Такими действиями, однако, неравная борьба между Карфагеном и Массанассой могла быть лишь на какое-то время приостановлена; само молчание Ливия, который очень подробно и обстоятельно прослеживает все шаги римской дипломатии в Африке в связи с рассмотрением жалоб одной стороны и претензий другой, служит надежным свидетельством того, что в отношениях между конфликтующими государствами наступило затишье. Основные предпосылки споров не были устранены, и в 172 г. мы снова встречаем в Риме карфагенских послов и нумидийского уполномоченного — царского сына Гулуссу, сенат опять выслушивает жалобы карфагенян, объяснения нумидийцев и принимает решение, которое могло бы показаться примирительным [Ливий, 42, 23, 24].

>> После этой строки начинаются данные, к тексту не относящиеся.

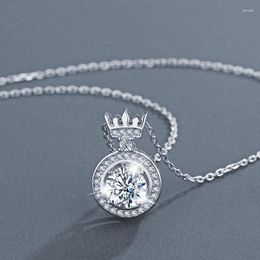 Pendant Necklaces CAOSHI Chic Crown Necklace Female Fashion Design Accessories With Dazzling Zirconia Silver Color Jewelry Gift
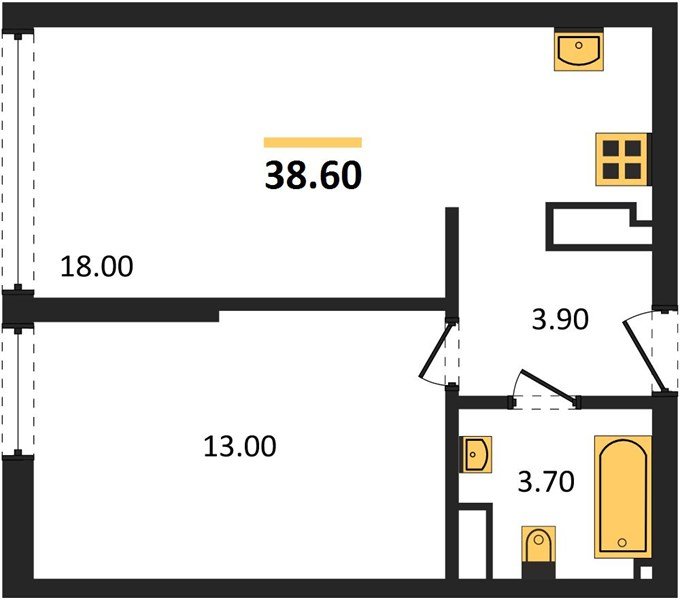 Фото №1: 1-комнатная квартира 38 м² - Краснодар, Догма Парк, мкр. Прикубанский внутригородской округ, ул. Анны Ахматовой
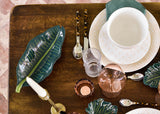 Blush Dinnerware with Palm Tray Decor Accents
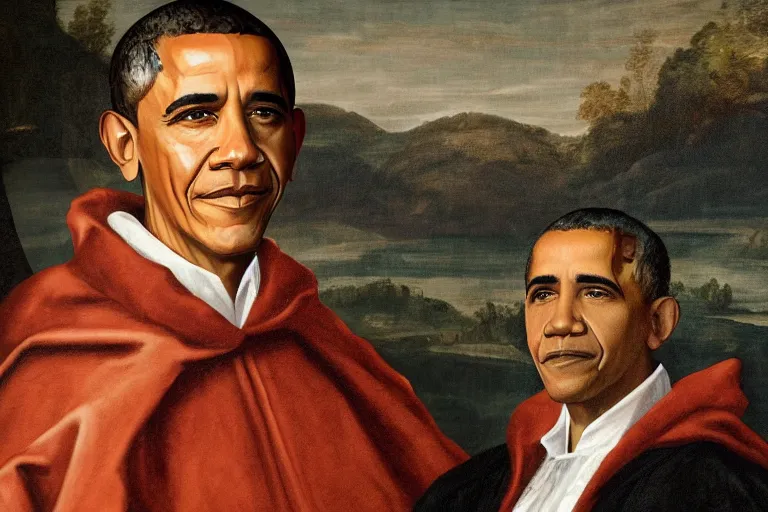 Image similar to painting of obama in the style of renaissance, 8K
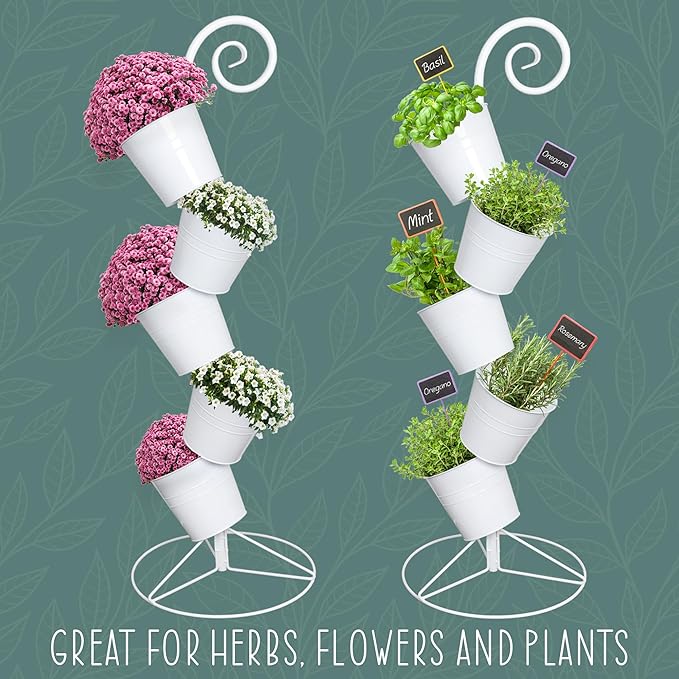 Hanging Flower Pot Tiered Stand (White), Metal Outdoor Stacking Planter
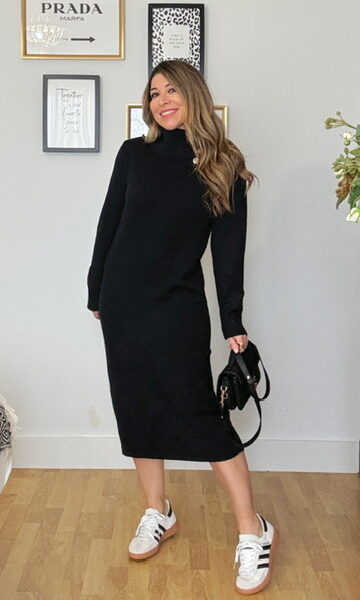 Vestido Punto Cuello Botones Negro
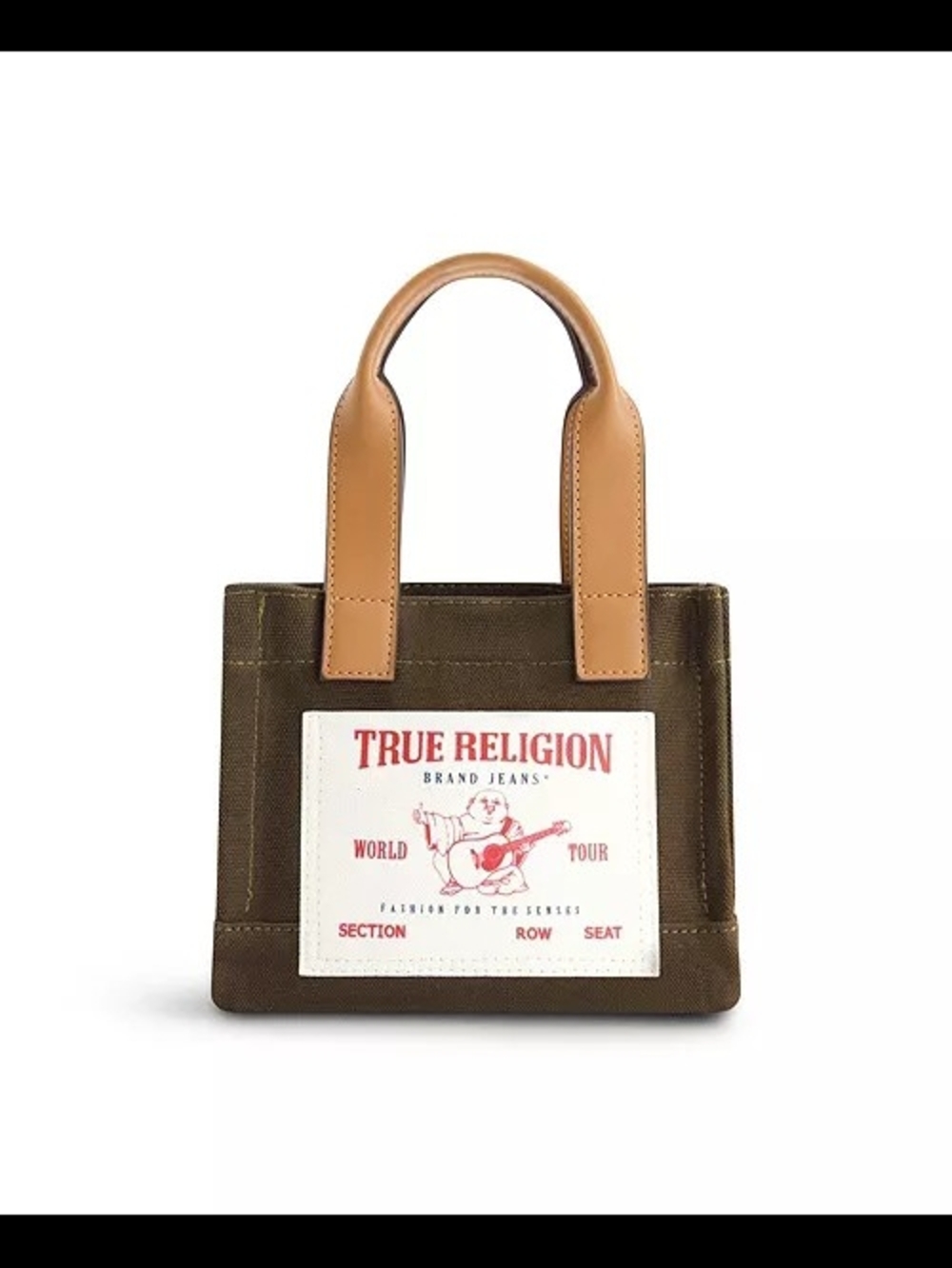 True Religion Olive Canvas Mini Tote with Tan Leather Handles
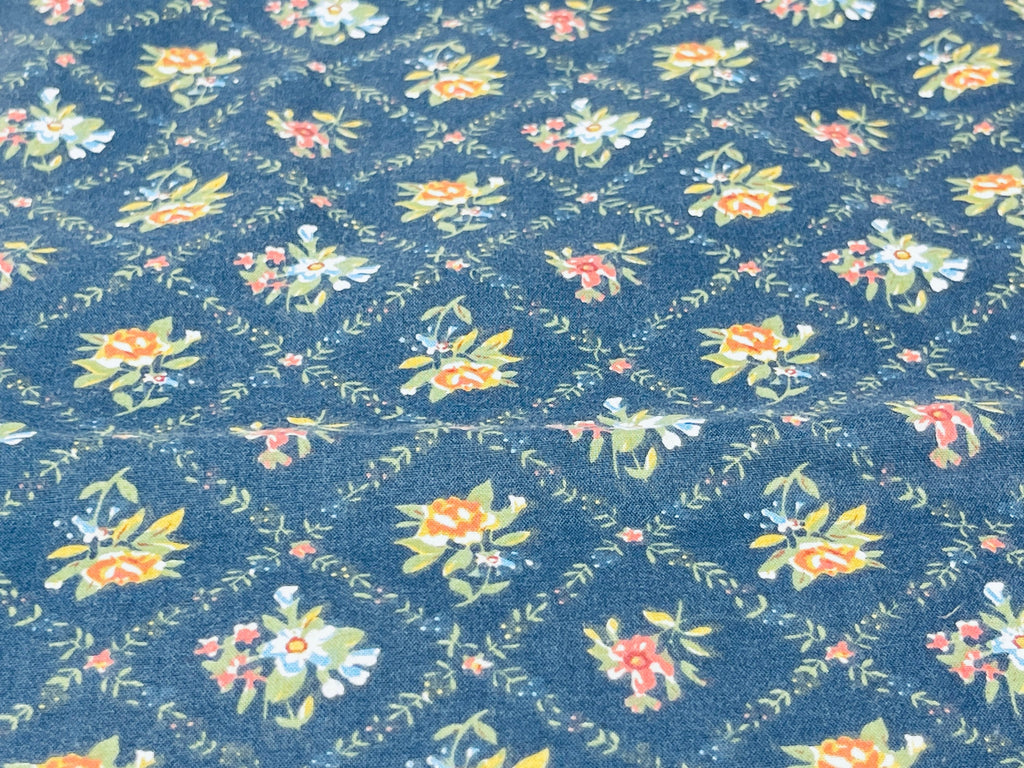Product image for 'vintage blue floral fabric material 37 x 44' (view 10fd19)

Пунийцы говорили, что помимо тех земель, о принадлежности которых до сих пор происходило разбирательство, в течение последних двух лет (то есть в 174 — 173 гг.) Массанасса силой захватил 70 городов и крепостей. По-видимому, этому точно соответствует рассказ Аппиана [Лив., 68] о распрях, начатых Массанассой из-за Великих Равнин и области Туски (Тугги) с ее 50 городами. Ему, продолжали карфагеняне, ни на что не обращающему внимания, это легко; карфагеняне же, связанные договором, молчат; ведь им не позволено воевать за пределами своих границ. Конечно, пунийцы знают, что, изгоняя нумидийцев, они будут сражаться на своей территории, но даже это они боятся делать, так как им прямо запрещено воевать против союзников римского народа. Карфагеняне уже не в состоянии терпеть его (то есть Массанассы) высокомерие, жестокость и жадность. Пусть сенат примет из трех возможных какое-то одно решение: или рассудит наконец, что кому принадлежит, или позволит карфагенянам защищаться, или, если для римлян дружба важнее правды, определит точно, что из чужого добра он хочет подарить Массанассе. Римляне, конечно, дадут ему не так уж много и, самое главное, будут точно знать, что дали, тогда как он сам не установит предела иначе, как по своему произволу. Если же карфагеняне ничего не добьются, если после мира со Сципионом они в чем-нибудь провинились, то пусть римляне сами их накажут. Они предпочитают безопасное рабство под властью Рима свободе, которая делает их беззащитными перед насилиями Массанассы. Лучше им сразу погибнуть, чем влачить жалкое существование по произволу жестокого палача.